Mr Trump said talks between Washington and Beijing will continue even after a deadline passed on Friday for them to reach an agreement.
As a result the US raised tariffs to 25% from 10% on goods from China.
China says it “deeply regrets” the US action and would have to take “necessary counter-measures”.
However Beijing also confirmed on Friday that further negotiations would take place following two days of what were described as “honest” and “constructive” talks.
The latest US move raises tariffs on $200bn (£153.7bn) worth of Chinese imports.
What has Trump said?
On top of the tariffs implemented on Friday, Mr Trump said a process had begun to place the full 25% tariff on a further $325bn of Chinese goods.
The tariffs taken in would be used to buy US agricultural goods, which would then be used for “humanitarian assistance”, Mr Trump said.
The president tweeted that, depending on the outcome of future negotiations, the tariffs “may or may not” be removed.
Mr Trump earlier said he was in “no rush” to reach a trade agreement following two days of bilateral talks.
Only recently, the US and China appeared to be close to ending months of tensions over trade.
Critics pointed out on Twitter that it is not China who will pay the taxes, but US importers, and ultimately its consumers.
What has China’s reaction been?
China’s Commerce Ministry confirmed the latest US tariff increase on its website.
“It is hoped that the US and the Chinese sides will work together… to resolve existing problems through co-operation and consultation,” it said in a statement.
Chinese stock markets rose on Friday, with the Hang Seng index up less than 1% and the Shanghai Composite more than 3% higher.
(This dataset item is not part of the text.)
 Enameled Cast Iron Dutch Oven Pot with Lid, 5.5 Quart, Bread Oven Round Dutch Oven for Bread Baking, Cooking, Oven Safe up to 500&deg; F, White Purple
What will be the impact of the tariff rise?
The US-China trade war has weighed on the global economy over the past year and created uncertainty for businesses and consumers.
Even though Mr Trump has downplayed the impact of tariffs on the US economy, the rise is likely to affect some American companies and consumers as firms may pass on some of the cost, analysts said.
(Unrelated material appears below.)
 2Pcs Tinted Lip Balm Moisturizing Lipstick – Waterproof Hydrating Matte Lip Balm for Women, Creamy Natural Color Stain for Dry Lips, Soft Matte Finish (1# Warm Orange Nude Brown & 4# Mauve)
Deborah Elms, executive director at the Asian Trade Centre, said: “It’s going to be a big shock to the economy.
“Those are all US companies who are suddenly facing a 25% increase in cost, and then you have to remember that the Chinese are going to retaliate.”
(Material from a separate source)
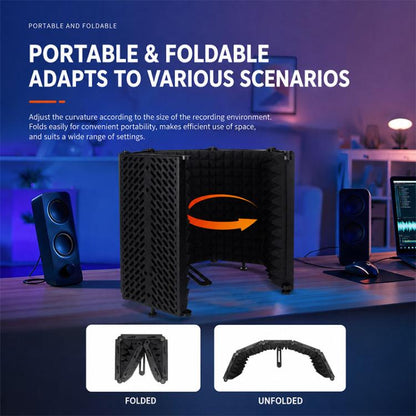 M5 Foldable Five-Panel Metal Casing Microphone Isolation Shield, M5 Metal Casing Isolation Shield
French Finance Minister Bruno Le Maire warned that the trade dispute escalation threatened jobs across Europe.
“There is no greater threat to world growth,” Mr Le Maire told CNews.
BBC economics correspondent Andrew Walker said the direct impact of the trade dispute would be on the US and China.
There could also be wider implications, he added, saying a softening of demand in the US and China could hurt suppliers elsewhere in the world.
Who will pay the price?
Mr Trump’s tariff increases have taken many businesses in China and America by surprise, fuelling their anxieties about investment and supply chain viability.
Chinese exporters say passing on costs to their US customers may be the only way to compensate for dwindling profit margins.
“The US importers will have to absorb it and transfer it on to consumers,” Herbert Lun, a Chinese haircare electronics maker, told the Financial Times.
America’s farmers are suffering too. Shipments of soybeans – one of the most valuable US agricultural export crops – to China have slumped.
A combination of higher tariffs and depressed farm commodity prices are putting US farmers under increasing pressure, economists say.
Davie Stephens, a west Kentucky farmer and president of the American Soybean Association, told local media that farmers are “in a desperate situation”.
Why are the US and China at odds?
China has been a frequent target of Mr Trump’s anger, with the US president criticising trade imbalances between the two countries and Chinese intellectual property rules, which he says hobble US companies.
Some in China see the trade war as part of an attempt by the US to curb its rise, with Western governments increasingly nervous about China’s growing influence in the world.
Both sides have already imposed tariffs on billions of dollars worth of one another’s goods.
Last year the US imposed a 10% tariff on $200bn worth of Chinese products – including fish, handbags, clothing and footwear.